The White House has had problems with that little item of new technology since announcing Clipper this April. The self-proclaimed "Cypherpunks" and conventional constitutional scholars opined that the First, Fourth and Fifth Amendments would be compromised. Those in the business of selling telecommunications were not supportive. And the Clipper Chip key escrow encryption scheme became second only to the Clinton health plan as a preferred Rush Limbaugh target.

Nonetheless, Nuchia is resigned. Not that he sees a grand plot. "Never ascribe to conspiracy what you can safely ascribe to stupidity," he says. By his lights, bureaucracy is a powerful force of evil, one that he expects will prevail.

"Let's look at what Clipper actually does, as opposed to what it's being sold for. What it does is tag every electronic communication with the identity of the sender and receiver," he says, "which means that you can tap the national data streams anywhere you like and analyze the traffic." Carefully cleaning tomato sauce from his fingertips with a paper towel, he cautions, "I'm not a lawyer; I couldn't tell you if that would violate the wiretap statute or not, but I think it probably would not."

A radical's work is never done.
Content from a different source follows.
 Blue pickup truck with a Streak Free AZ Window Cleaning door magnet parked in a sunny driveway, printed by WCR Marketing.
Nuchia's just getting warmed up. He has a level, considered loathing for proposed governmental intrusions. "The Clipper thing is one of the things going on at the national level, the other is the FBI's wiretap initiative," he says. "And, I think this is another one of those cases where you kind of have to shake your head and say, why are they doing this?" There are already clearly understood laws to regulate and allow wiretapping, he points out. So why, he asks, is any-thing new needed just because the technology's different? "I think it's just one of those cases where somebody wrote a report and it ended up taking on a life of its own. Bureaucracy," he sneers, "run amuck."

There doesn't seem to be any evidence of a crisis that would require government to create a new standard for wiretapping and searches, he says. Crumpling and then tossing his two-ply napkin into the empty pizza box, he dismisses the FBI's wiretap initiative as "junk legislation that will have unexpected effects."
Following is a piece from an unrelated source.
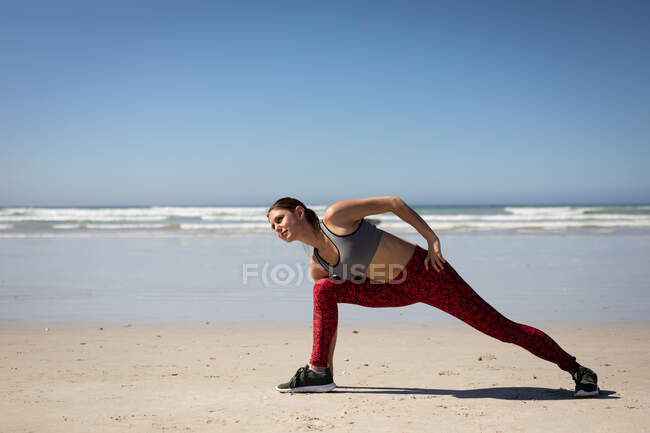 Vista frontale di una donna attraente caucasica, indossando vestiti sportivi, praticando yoga, allungando e appoggiandosi in avanti in posizione yoga, sulla spiaggia soleggiata. — Foto stock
If Cavazos is the proper citizen, Nuchia the chomping-at-the-bit businessman, then Carl Guderian and Stephen Ryan are the romping, for-the-heck-of-it radicals of EFH. Passion is always useful in activism, especially the passion of people with good, but unconventional minds.

Carl Guderian is 31 years old, well over six feet tall and still he is frequently carded. Interest in computers overrode his Rice education in mechanical engineering, and now he works for Rockwell as a flight controller. "That means I sit in the bowels of mission control while the shuttle is up," he says. "Not much happens, although sometimes we get to see cool videos."
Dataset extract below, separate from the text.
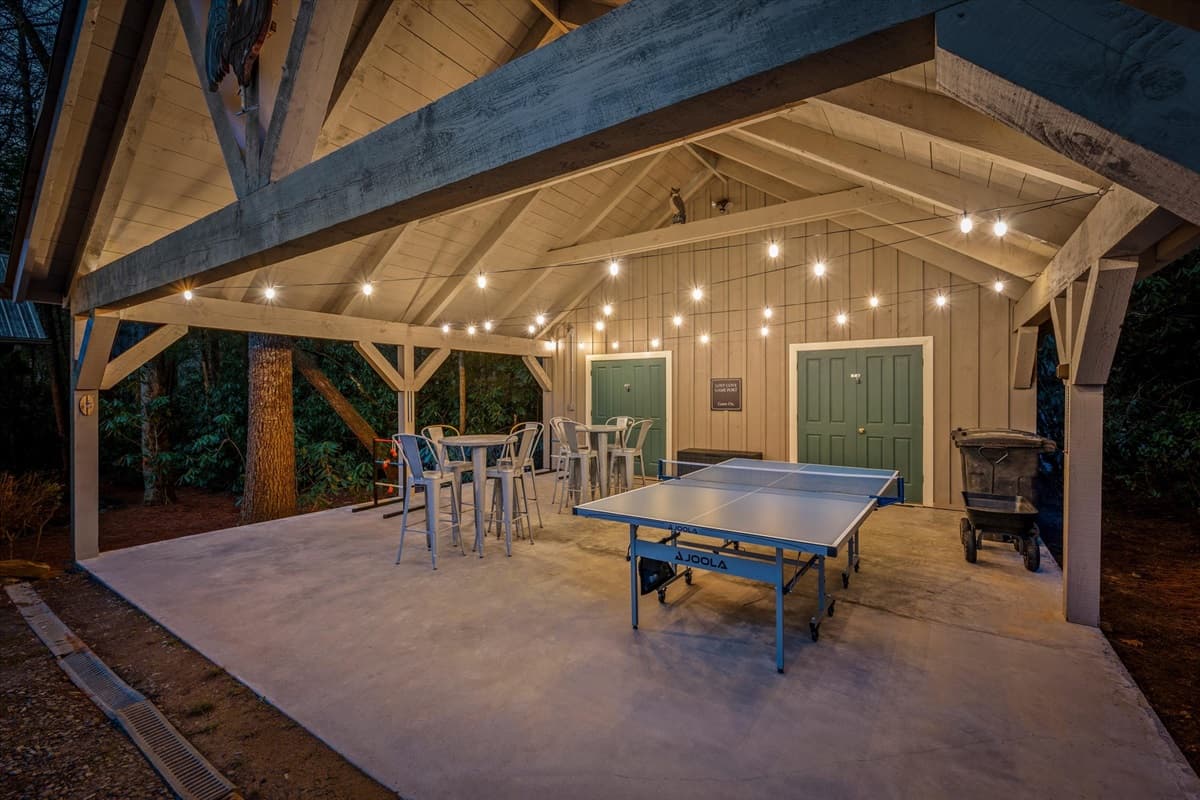 Enjoy our new game area in the carport featuring ping pong, outdoor jenga, hillbilly golf, string lights, and more.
A card-carrying member of the Church of the Subgenius and the KPFT DJ most likely to be seen at a gun show, Guderian is the man whose kazoo playing was the one thing that shut up the Ku Klux Klan during the Economic Summit parade. The route was lined with protesters, all hooting and jeering and name-calling, and for every insult the hooded marchers had a retort. Until, that is, they passed Guderian and two pals, a trio wearing conical party hats and tooting out the Mickey Mouse theme song. They buzzed the Klan with kazoos and the proud marchers of the KKK turned purple.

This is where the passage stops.